In this paper, we describe a global distributed solution that enables the simultaneous performance of time synchronization and positioning in ultra-wideband (UWB) ad hoc networks. On the one hand, the proposed synchronization scheme basically relies on cooperative two-way-ranging/time-of-arrival transactions and a diffusion algorithm that ensures the convergence of clock parameters to average reference values in each node. Although the described solution is generic at first sight, its sensitivity to time-of-arrival accuracy imposes the choice of an impulse-radio ultra-wideband physical layer in the very context. On the other hand, a distributed algorithm coupled with this synchronization scheme mitigates the impact of non-line-of-sight ranging errors on positioning accuracy without any additional protocol hook.
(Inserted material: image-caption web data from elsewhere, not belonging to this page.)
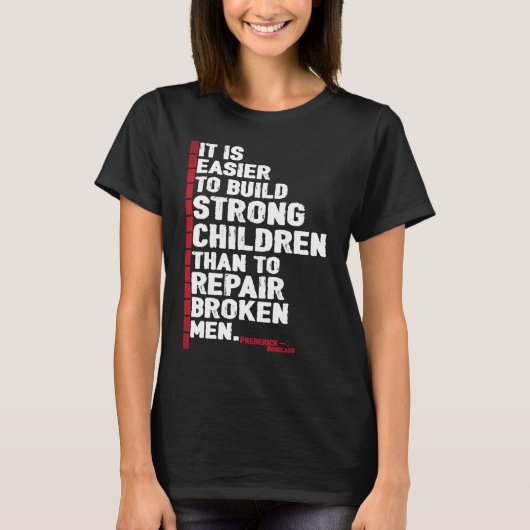 Black History Month Tees Frederick Douglass Quote  Tシャツ (正面)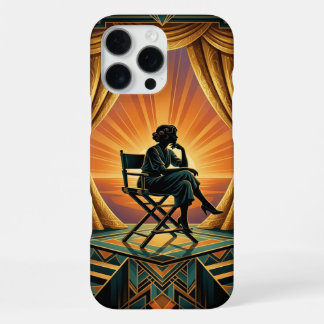 Art Deco Gold iPhone 16 Pro Max Case | Vintage Hülle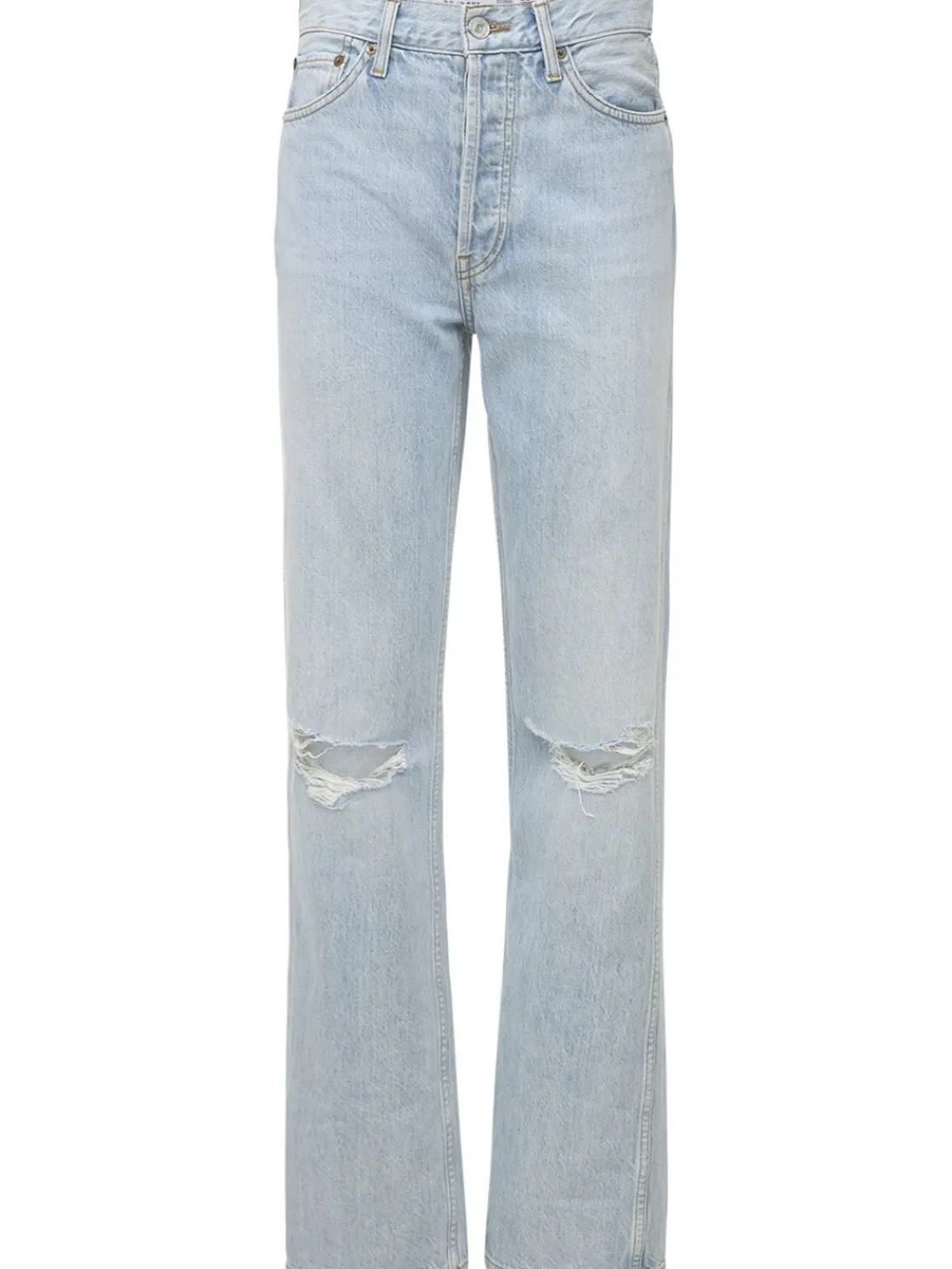 Jeans vita alta loose fit 90s distressed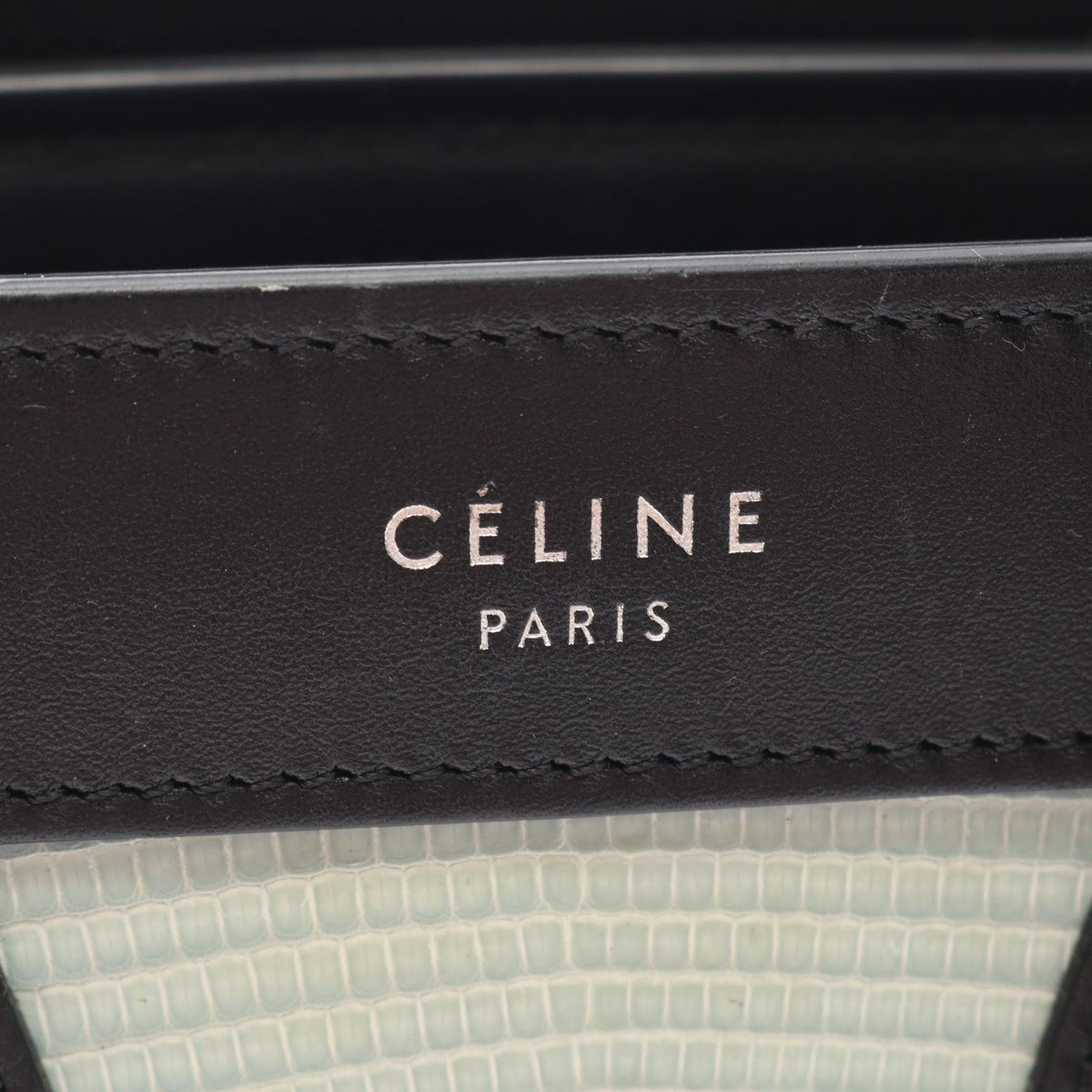 CELINE Luggage Nano Shopper Handbag Blue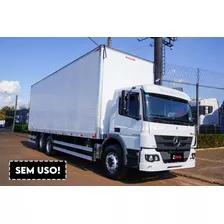 Mercedes Benz Atego 2426 6x2 2022 * C/ Baú *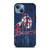 ATLANTA BRAVES RUSTY WOOD iPhone 13 Case Cover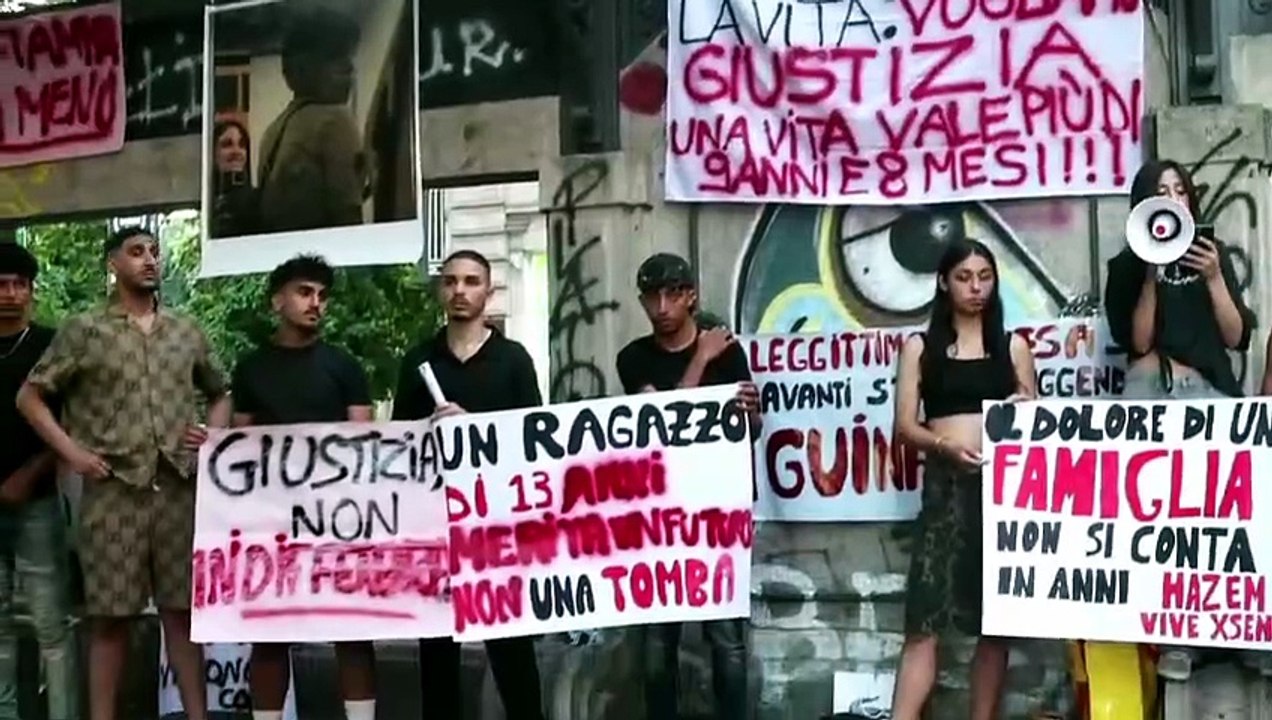 Milano, la protesta per Hazem Ahmed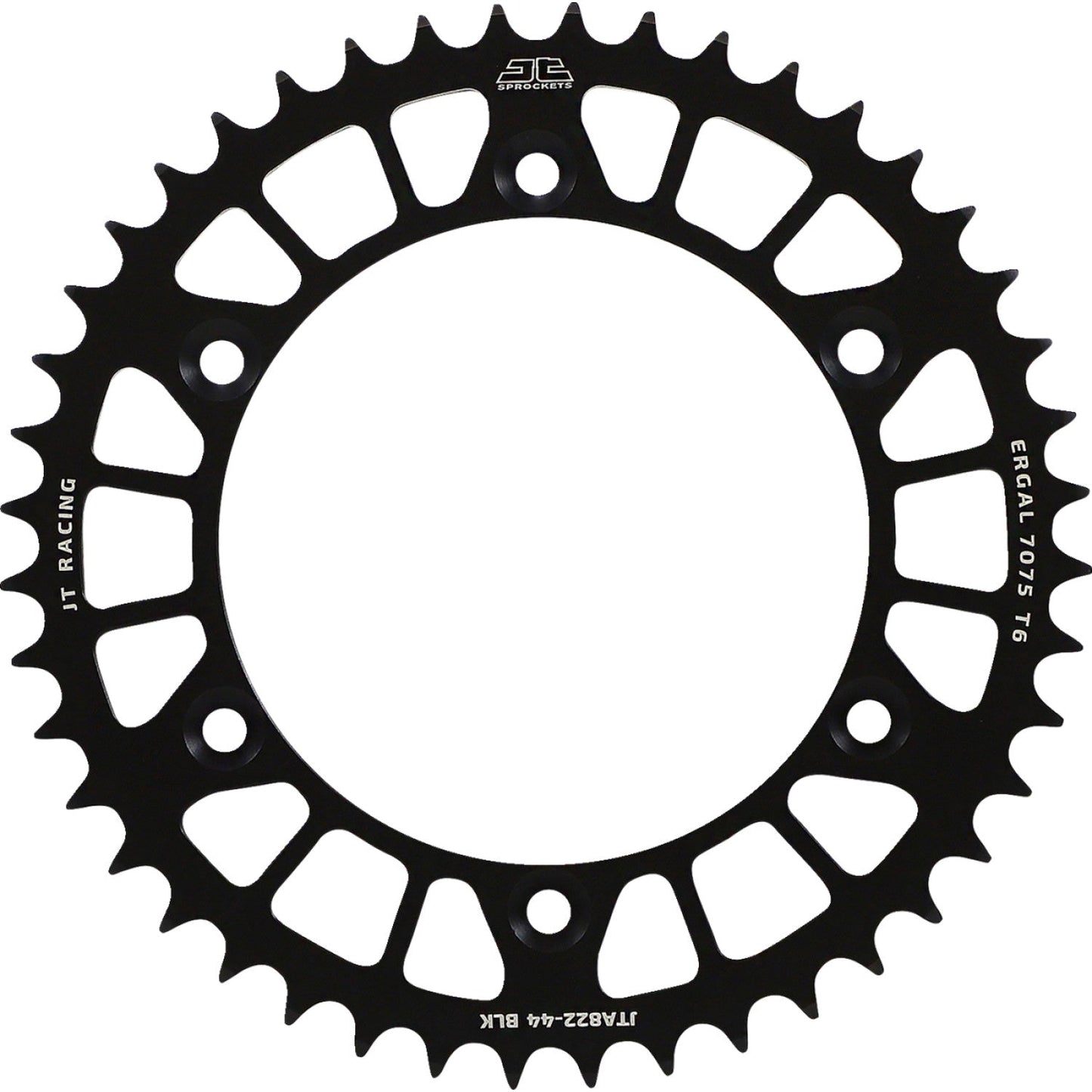 JT SPROCKETS Rear Sprocket - 520 - Black - 44 Tooth JTA822.44BLK by JT Rear Sprockets Aluminum/Alloy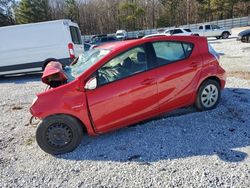 Salvage cars for sale at Gainesville, GA auction: 2012 Toyota Prius C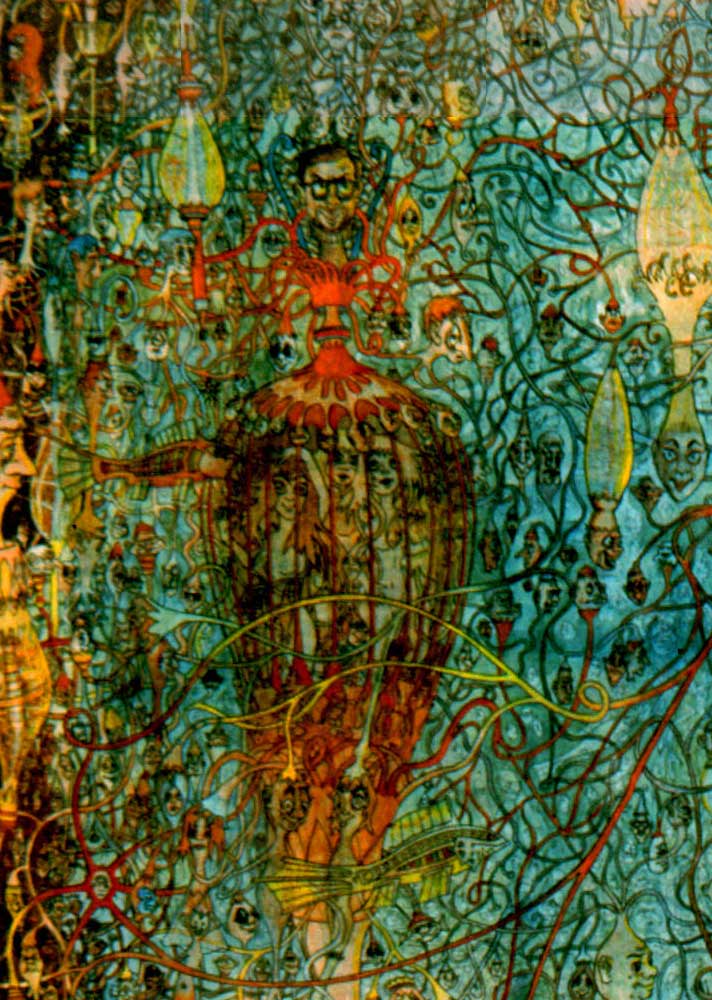 Detail of "Big Blue"&nbsp;by Ernest Ruckle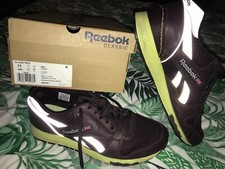 Reebok GL 6000 Tech trainers - dark purple - UK 10 - used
More particularly, the realistic UWB ranging error models we use take into account UWB channel effects, as well as detection noises and relative clock drifts. Then, it is demonstrated that a cooperative and distributed maximization of the log-likelihood of range estimates can reduce the uncertainty on estimated positions in comparison with classical distributed weighted least squares approaches. Finally, the proposed distributed maximum log-likelihood algorithm proves to preserve a reasonable level of complexity in each node by approximating asynchronously the positive gradient direction of the log-likelihood function. For both distributed synchronization and positioning algorithms, simulation results are provided to illustrate the relevance of such a solution.